Most of these women were artists like himself: a dancer, a choreographer, a journalist, an actress, a pianist. Several left husbands and children to marry him. Altogether, he fathered eight children (although some believe it may even have been nine) with his wives and mistresses, including one who only found out that she was Bergman’s daughter when she was 22. Most of his children now work as writers, actors and film directors. Another is an airline pilot.
His biographer, Geoffrey Macnab, says that the central paradox about Bergman is that he wrote so creatively and attentively about childhood and yet was so uninterested, for so long, in his own children’s lives. Bergman attributed to his last wife, Ingrid, his belated attachment to his many children and grandchildren. “Before, I never had much time for children, emotionally or otherwise. That’s something that’s been added to my life, thanks to Ingrid. She took the initiative to organise family get-togethers every summer. It’s so much fun.”
In 1976, Bergman was arrested for tax evasion during a rehearsal of Strindberg’s play The Dance of Death. The charge was later dismissed, but it led him to turn his back on Sweden, settling not entirely happily for several years in Munich, where he received weekly parcels of Swedish crispbread, sour cream and gingerbread.
His close friend and collaborator Erland Josephson worked with him, off and on, for an incredible 70 years.

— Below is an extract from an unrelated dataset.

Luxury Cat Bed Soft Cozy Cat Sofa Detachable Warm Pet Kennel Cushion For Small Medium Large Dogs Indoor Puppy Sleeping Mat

He says that Bergman could not bear to lose control, which is why the arrest hurt so much. Returning eventually to Sweden, Bergman made “behind the scenes” films that set about reclaiming control of his public image. “They belong to a genre in their own right,” says Josephson. “Bergman plays Bergman. It is important to him that the image of him shows his tenderness and tolerance, but also his complete domination.”
Once, during the rehearsal, Bergman pulled Josephson’s beard, wobbled his chin, trod on his toes and pulled his hair. “The reason he is angry is that I have spent a weekend in Paris without telling him, instead of preparing for next week’s rehearsals,” Josephson realised. “The director and I quarantined our friendship for a couple of weeks.”
Of Bergman’s style Josephson said: “Earlier directors seldom touched actors physically. Bergman’s firm grip is innovative. His pinch belongs to his stock of premeditated spontaneities, designed to liven up sluggish colleagues.”
Along with his temper, Bergman’s insistence on punctuality was legendary. Once, in Hollywood to discuss a film project with a famous actress, he arrived in the producer’s office at nine on the dot, expecting to find the actress. After a short wait, he asked the producer to call her. When she answered the phone and told the producer she was in the shower and on her way, Bergman said: “Give me the phone… Miss X, you can stay in the shower.” The arts are all about the struggle for power, Josephson concludes.
Harriet Andersson, meanwhile, recalls his jealousy while he was making the film Sawdust and Tinsel. “Ingmar was terribly, pathologically jealous at times, of many people. He thought there was something going on between me and a German photographer who came over to do a feature. I was not unfaithful, even though he thought I was. I was bloody faithful.”
Despite everything, Bergman used to say he was faithful too – to everyone. “I think that must be true,” says Duncan in his defence, “because he always retained good friendships with his lovers and his wives, all of them, right to the end.”
And with friends too. Despite their disagreements, Josephson remembers Bergman warmly: “He was aggressive and tender, penetrating, a man for whom power was important… He still is, even in death.”
Indeed, Bergman directed his own funeral, down to the smallest detail. But only three of his eight children attended it.